- Data entries
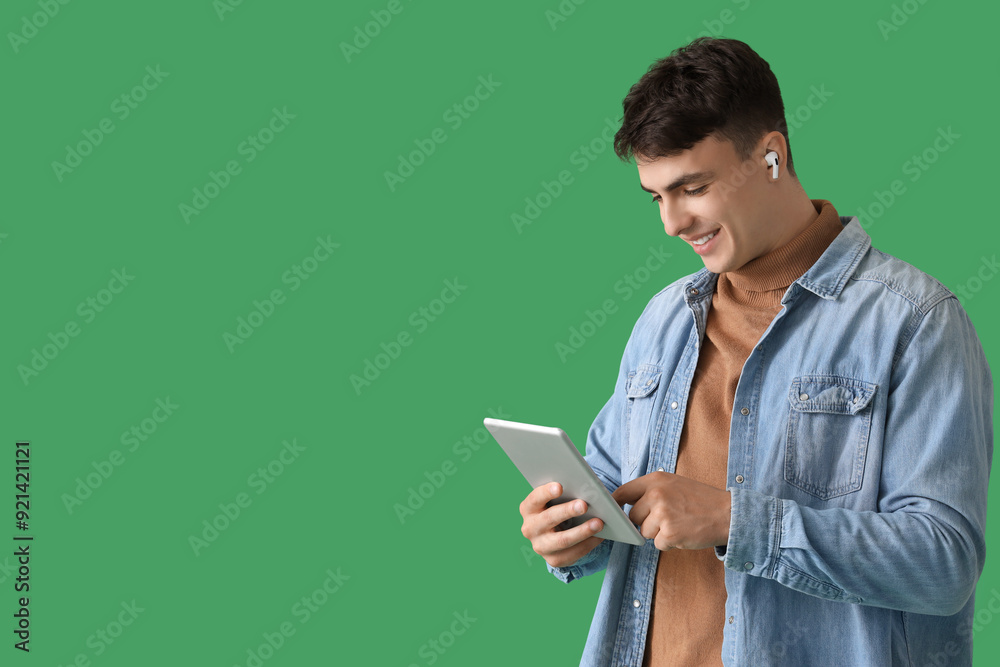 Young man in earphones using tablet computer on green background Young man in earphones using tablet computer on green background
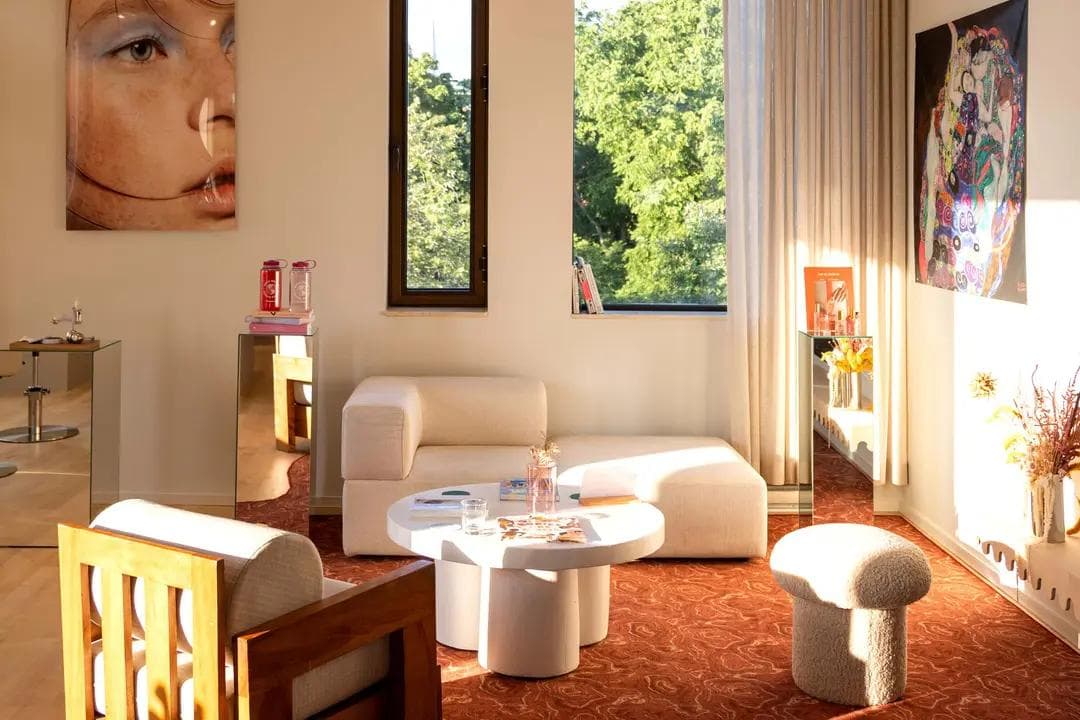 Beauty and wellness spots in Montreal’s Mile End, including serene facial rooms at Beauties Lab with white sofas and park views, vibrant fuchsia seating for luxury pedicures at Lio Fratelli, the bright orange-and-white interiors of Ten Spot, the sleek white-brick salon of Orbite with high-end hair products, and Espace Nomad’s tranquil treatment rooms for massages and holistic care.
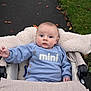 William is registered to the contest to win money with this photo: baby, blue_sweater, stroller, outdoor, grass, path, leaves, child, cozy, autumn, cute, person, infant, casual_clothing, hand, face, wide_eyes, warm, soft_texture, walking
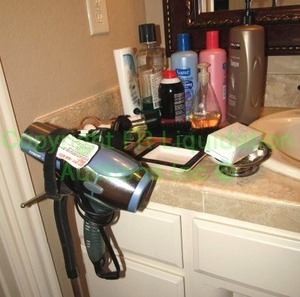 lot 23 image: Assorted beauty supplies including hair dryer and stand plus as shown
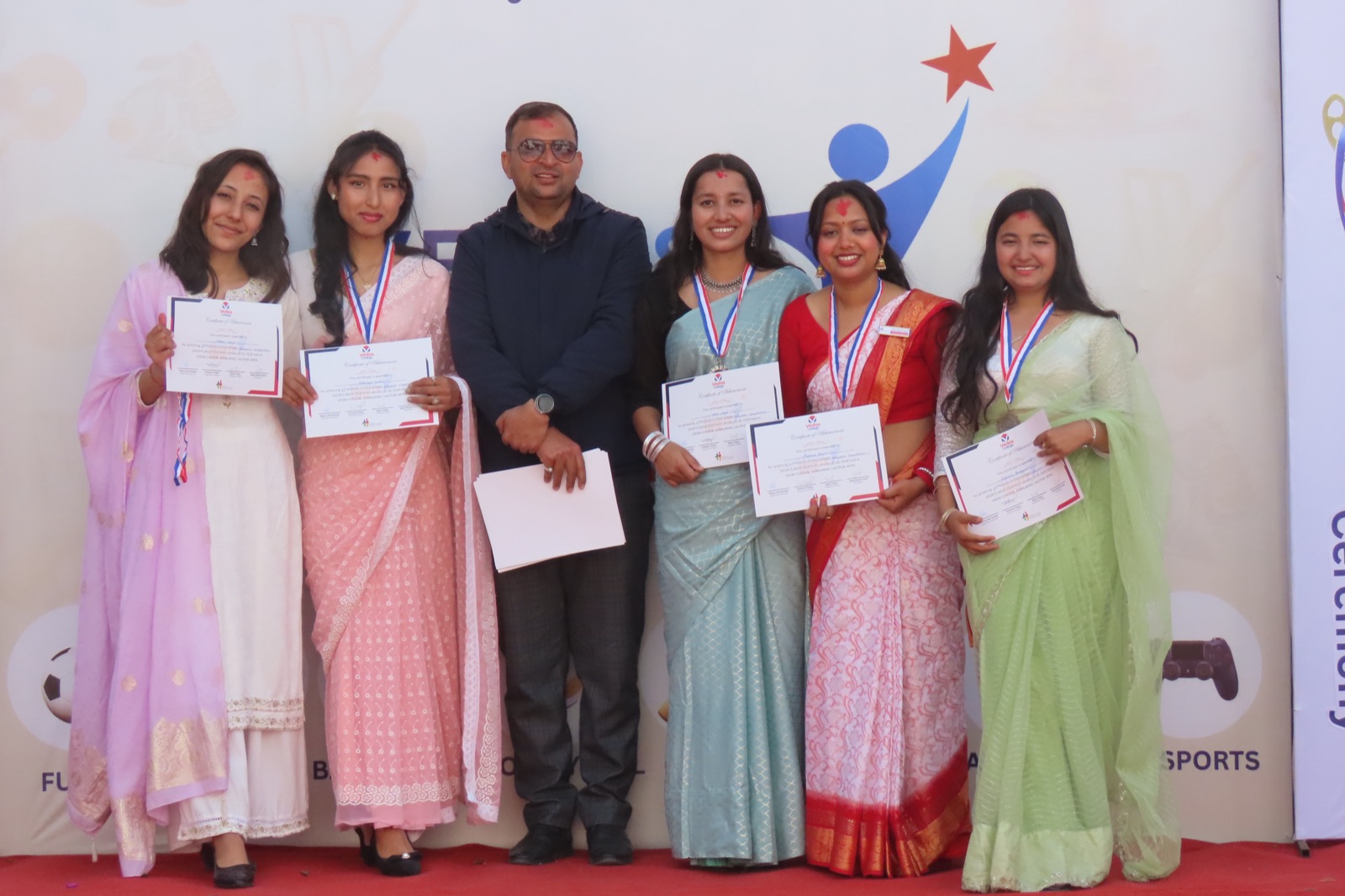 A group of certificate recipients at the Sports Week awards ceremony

- Your task
From the line containing "lot 23 image: Assorted" through the final line of the records, write out each line exactly, and include no pictures.

- Answer space
 lot 23 image: Assorted beauty supplies including hair dryer and stand plus as shown
 A group of certificate recipients at the Sports Week awards ceremony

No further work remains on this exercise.